TO DO:
Working from the records below, return word for word the line that contains "2006 Toyota RAV4" and each line after it, ending with the last. Skip all pictures.

[Brief descriptive captions]
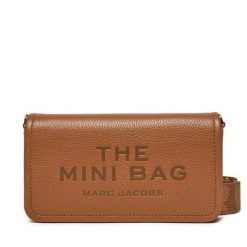 Torebka Marc Jacobs. Brązowe listonoszki damskie MARC JACOBS, bez wzorów, bez dodatków. Za 879.99 zł.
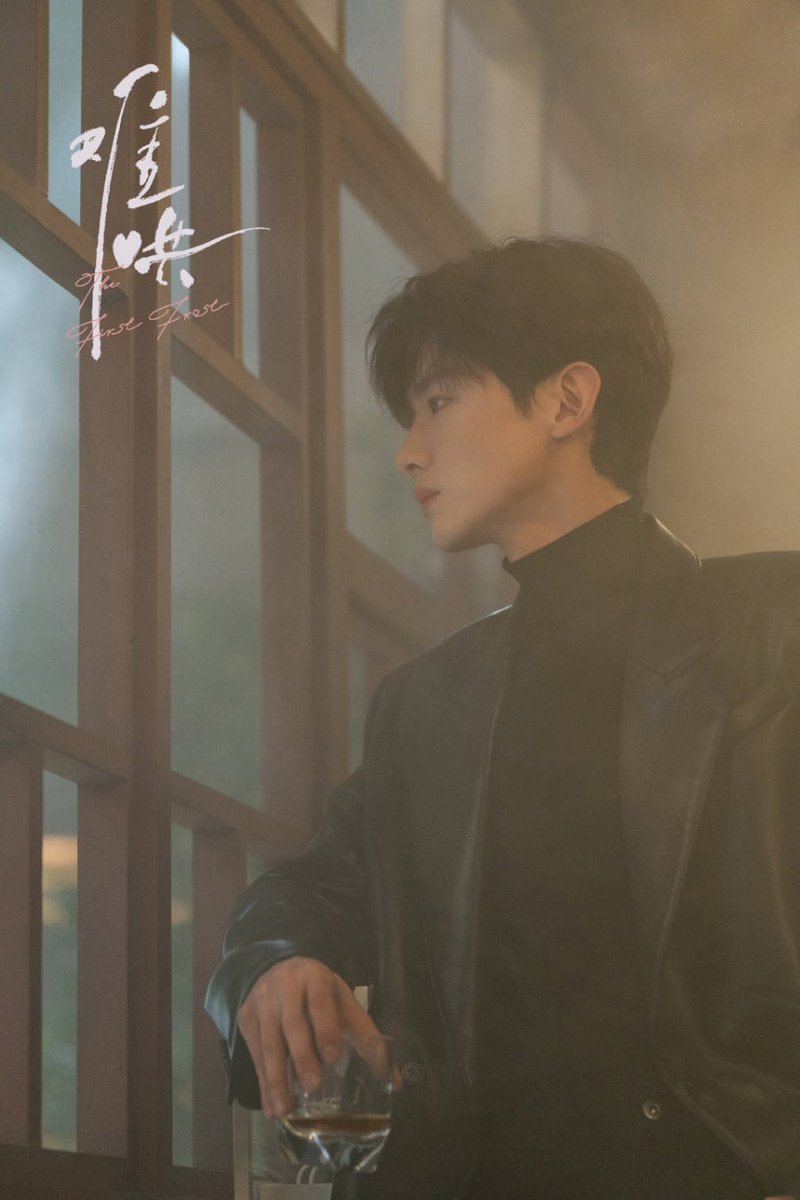 이 여름 (@blueisyourss) on Twitter photo 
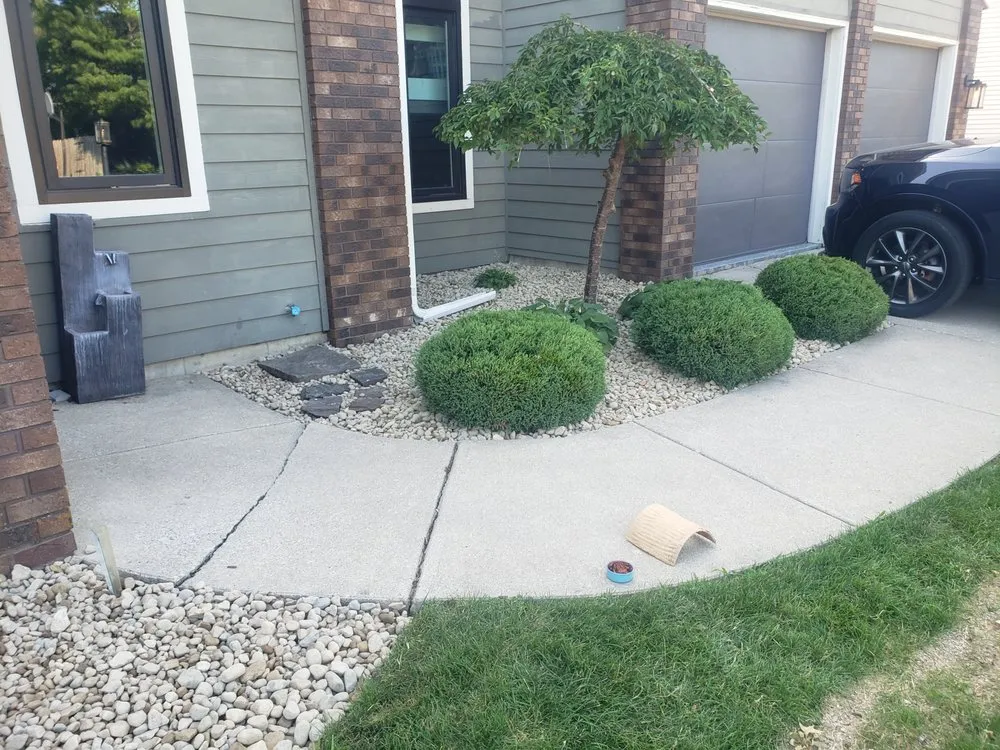 Affordable lawn care service near you in Fort Wayne, IN by Trusted Lawn Care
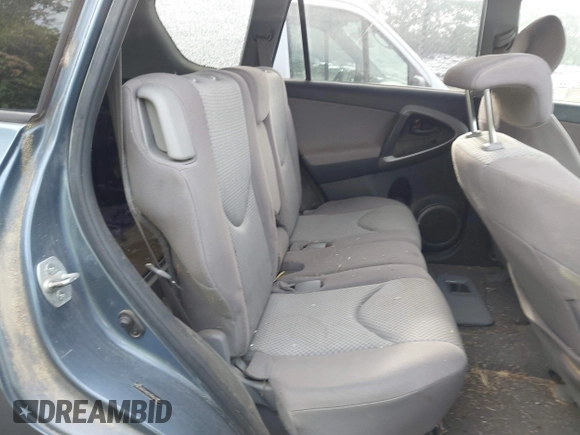 2006 Toyota RAV4 with VIN JTMZK33VX66002306, listed as a IAAI auction lot 42075057 with 271,662 mi miles. Bid and sale history available at carsss.com. Image 8.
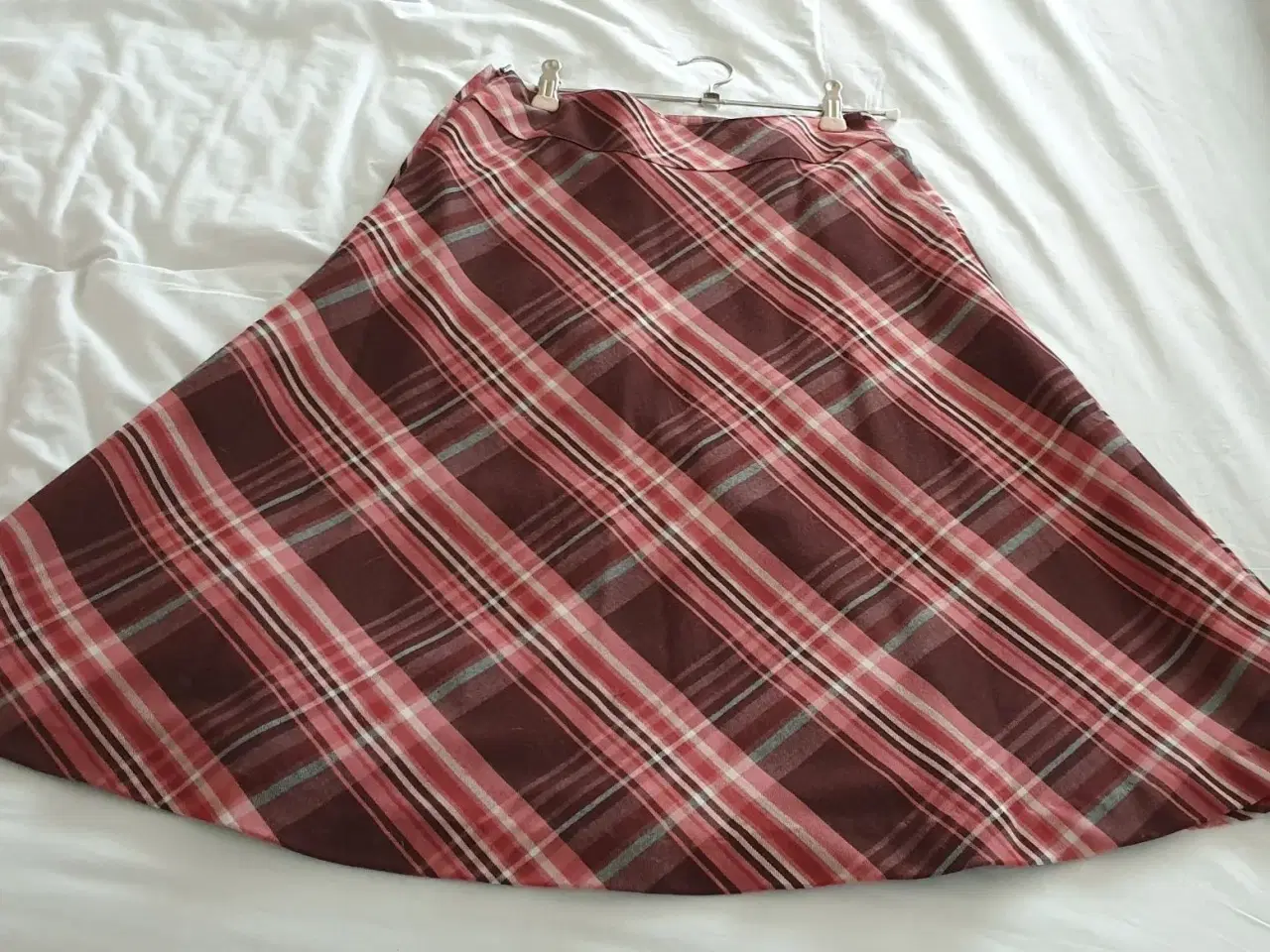 Billede 1 - Sød vintage nederdel sælges :)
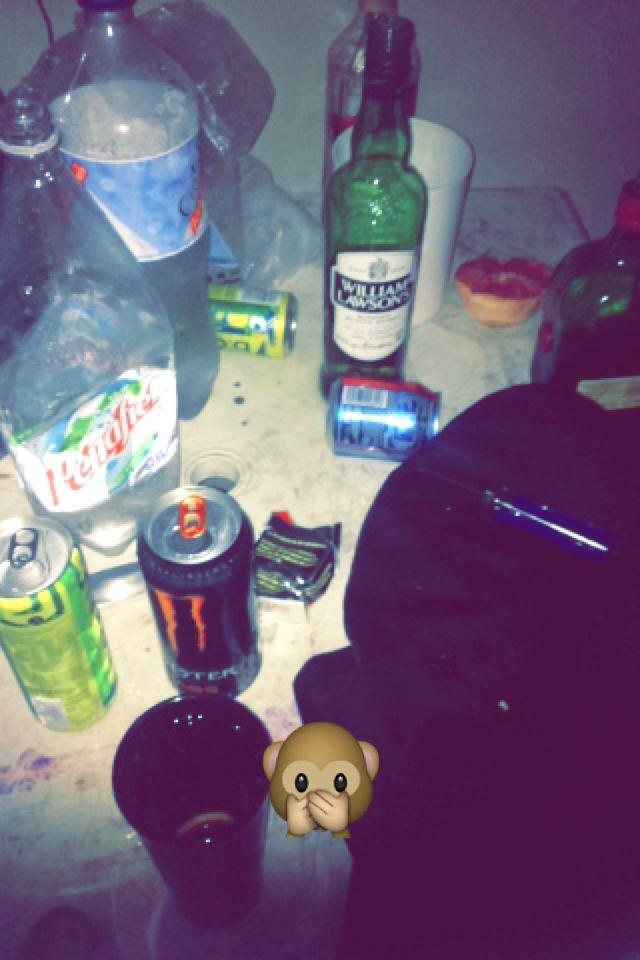 valelzev's tweet photo. 😏😏😏 http://t.co/Sc0EWypX0w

YOUR RESPONSE:
 2006 Toyota RAV4 with VIN JTMZK33VX66002306, listed as a IAAI auction lot 42075057 with 271,662 mi miles. Bid and sale history available at carsss.com. Image 8.
 Billede 1 - Sød vintage nederdel sælges :)
 valelzev's tweet photo. 😏😏😏 http://t.co/Sc0EWypX0w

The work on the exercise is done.